Say we write some new class which can be used concurrently or not. Obviously, we don't want to have locks on everything on the chance that they will be called concurrently. One way to address this is through parameterizing by mixins specifying locking:
template<class Locking>
struct foo : private Locking {
void bar() {
Locking::read_lock();
// Do something.
Locking::read_unlock();
}
};
and instantiating Locking
with a class that actually locks for the multithreading case, and with a class that does no-ops for the other case (hopefully, the compiler will even optimize away the calls).

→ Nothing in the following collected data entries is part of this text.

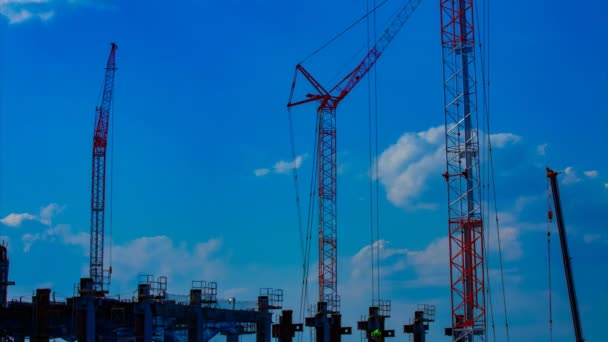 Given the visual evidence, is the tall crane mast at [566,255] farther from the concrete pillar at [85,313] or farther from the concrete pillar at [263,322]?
the concrete pillar at [263,322]

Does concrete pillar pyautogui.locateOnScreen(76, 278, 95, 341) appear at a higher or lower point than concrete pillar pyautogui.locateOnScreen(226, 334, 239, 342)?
higher

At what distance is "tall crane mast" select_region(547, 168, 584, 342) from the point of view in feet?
177

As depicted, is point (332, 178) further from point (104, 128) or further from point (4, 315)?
point (4, 315)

Now suppose I'd like to do this with software-transactional memory instead of locking. Looking at N3919 (or the gcc precursor), the idea is different. There are no calls such as
transaction_start();
transaction_end();
Instead there are function specifiers like
void bar() transaction_safe;
and block specifiers like
transaction { /* body */ }
with strict rules of the latter calling the former, and nothing that looks like it can be used by mixins.
How can this be done(without involving the preprocessor)? Note also that one of the main benefits of STM is composability, but there seems no way to get the instantiation to reflect that bar
is transactionable.
In a similar way, with lambda, it seems you may do something like:
template<class Transaction>
struct foo {
void bar() {
Transaction::run([](){ /* Do something. */ });
}
};
with the 2 implementations
template<typename F>
void TransactionNone::run(F f) { f(); }
and
template<typename F>
void TransactionReal::run(F f) { transaction{ f(); } }
For attributes,
A function is transaction-safe if it is not transaction-unsafe.
So it seems you may omit that keyword, and let the compiler/linker do that job.